Scaling Up Exercise 2.2: Hardware Differences Between OSPool and the CHTC Pool¶

The goal of this exercise is to compare hardware differences between the Open Science Pool and a local HTC system (the CHTC pool), using similar tools as the Tuesday exercises.

Specifically, we will look at how easy it is to get access to resources in terms of the amount of memory that is requested. This will not be a very careful study, but should give you some idea of one way in which the pools are different.

In the first two parts of the exercise, you will submit batches of jobs that differ only in how much memory each one requests. We will request memory from 2 - 128 GB, doubling the memory each time. One set of jobs will be submitted to CHTC, and the other, identical set of jobs will be submitted to the OSPool. You will check the queue periodically to see how many jobs have completed and how many are still waiting to run.

Checking CHTC memory availability¶

In this first part, you will create the submit file that will be used for both sets of jobs.

Tip

Make sure you are logged into ap2003.chtc.wisc.edu for the first part of this exercise.

Create the submit file¶

To create our parameter sweep, we will create a new submit file with the queue...in syntax and change the value of our parameter (request_memory) for each batch of jobs.

Create a subdirectory for this exercise (we've used mem-requests below).

In this folder, create this template submit file:

executable          = /usr/bin/sleep
arguments           = 30
transfer_executable = false

log                 = memory_sweep.$(Cluster).log

request_cpus        = 1
request_disk        = 1024

queue 5 request_memory in (
1GB
2GB
3GB
)

The queue statement, is iterating through the list shown between the parentheses (1, 2, 3) using those values as the memory request. Five jobs are submitted for each memory value.
Edit the list to reflect different amounts of memory. We recommend this list in gigabytes (GB), although you can use whatever values you want: 2, 4, 8, 16, 32, 64, 128, 256, 512
Submit the submit file (should be about 45 jobs).

Monitoring the local jobs¶

Every few minutes, run condor_q and see how your sleep jobs are doing. To display the number of jobs remaining for each request_memory parameter specified, run the following command:

$ condor_q <Cluster ID> -af RequestMemory | sort -n | uniq -c

The numbers in the left column are the number of jobs left of that type and the number on the right is the amount of memory you requested, in MB. Consider making a little table like the one below to track progress.

Memory	Remaining #1	Remaining #2
8 GB	10	6
16 GB	10	7
32 GB	10	8
64 GB	10	9

In the meantime, between checking on your local jobs, start the next section – but take a break every few minutes to switch back to CHTCSUBMITNODE and record progress on your jobs.

Checking OSPool memory availability¶

Now you will do essentially the same thing on the OSPool.

Copy the mem-requests directory from the section above from ap2003.chtc.wisc.edu to ap40.uw.osg-htc.org.

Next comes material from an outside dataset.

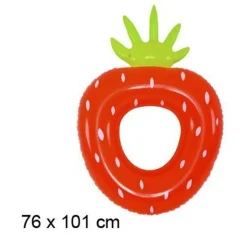 SALVAGENTE CIAMBELLA GONFIABILE ANELLO FORMA DI FRAGOLA 76X101CM MARE PISCINA 016099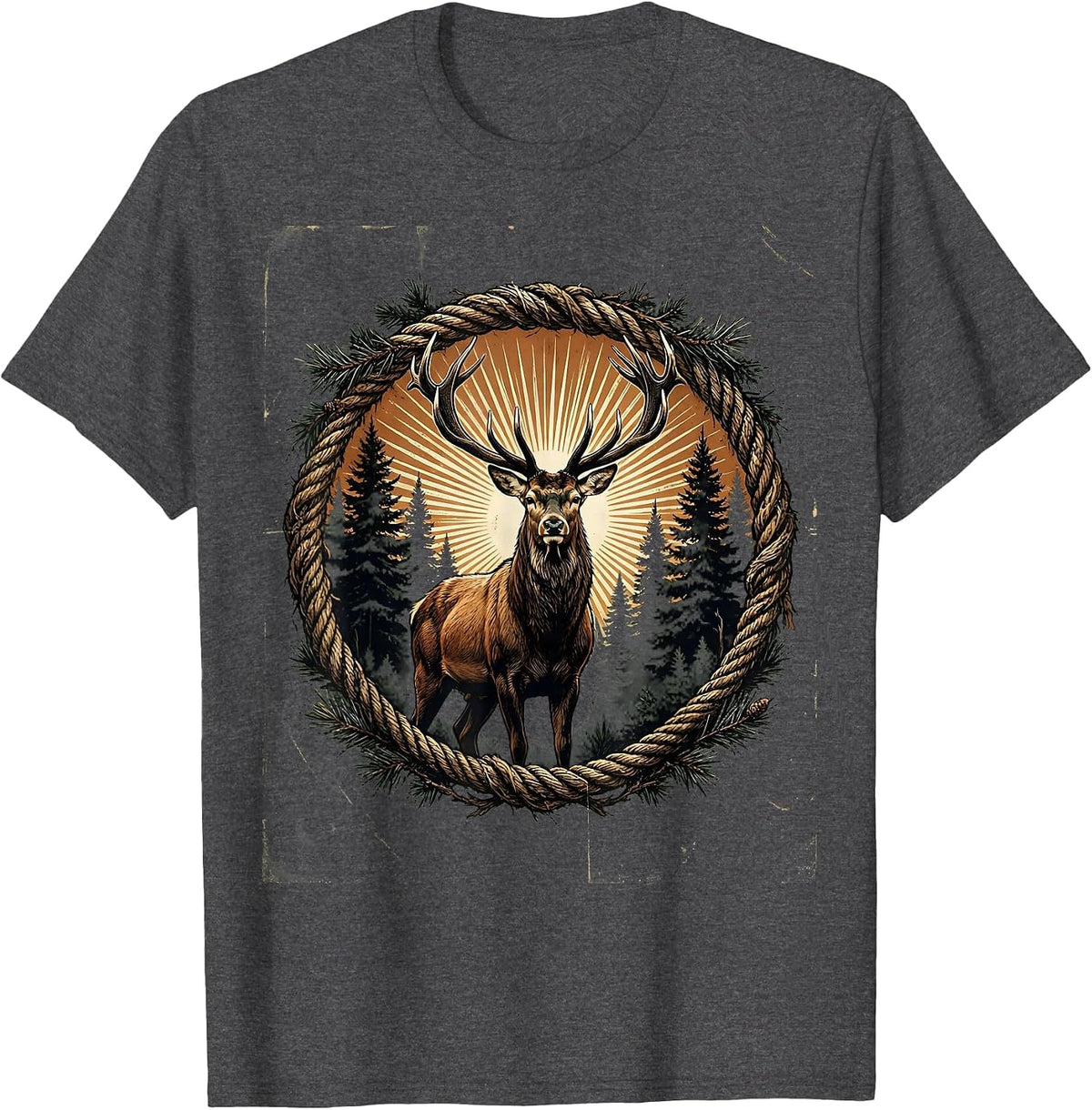 Men's Buck in Misty Forest Clearing Hunting Graphic T-Shirt - Dark Heather Grey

Not sure how to copy the files?
There are different ways to copy files from server to server. For this task, one option is:

[user.name@ap2003 ~]$ scp -r path/to/mem-requests [email protected]:/home/user.name Edit the username and the paths to reflect your home directory organization.
Log in or switch to ap40.uw.osg-htc.org
Submit the jobs to the OSPool

Monitoring the OSPool jobs¶

As you did in the first part, use condor_q to track how your sleep jobs are doing. It is fine to move on to the next exercise, but keep tracking the status of both sets of these jobs. After you are done with the next exercise, come back to this exercise and analyze the results.

Analyzing the results¶

Have all of your jobs from this exercise completed on both CHTC and the OSPool?

How many jobs have completed thus far on CHTC?
How many have completed thus far on the OSPool?

Due to the dynamic nature of the OSPool, the demand for higher memory jobs there may have resulted in a temporary increase in high-memory slots there. That being said, high-memory are a high-demand, low-availability resource in the OSPool so your 64 GB jobs (or higher!) may have taken longer to run or complete. On the other hand, CHTC has a fair number of 64 GB (and greater) slots so all your jobs have a high chance of running.

This is useful information if your job profile includes high memory jobs. It could help you decide which jobs to run on CHTC versus the OSPool. If you have access to different computing systems, it is a good idea to find out this information - even run some tests, lik we did here! - in order to get the most out of what is available to you.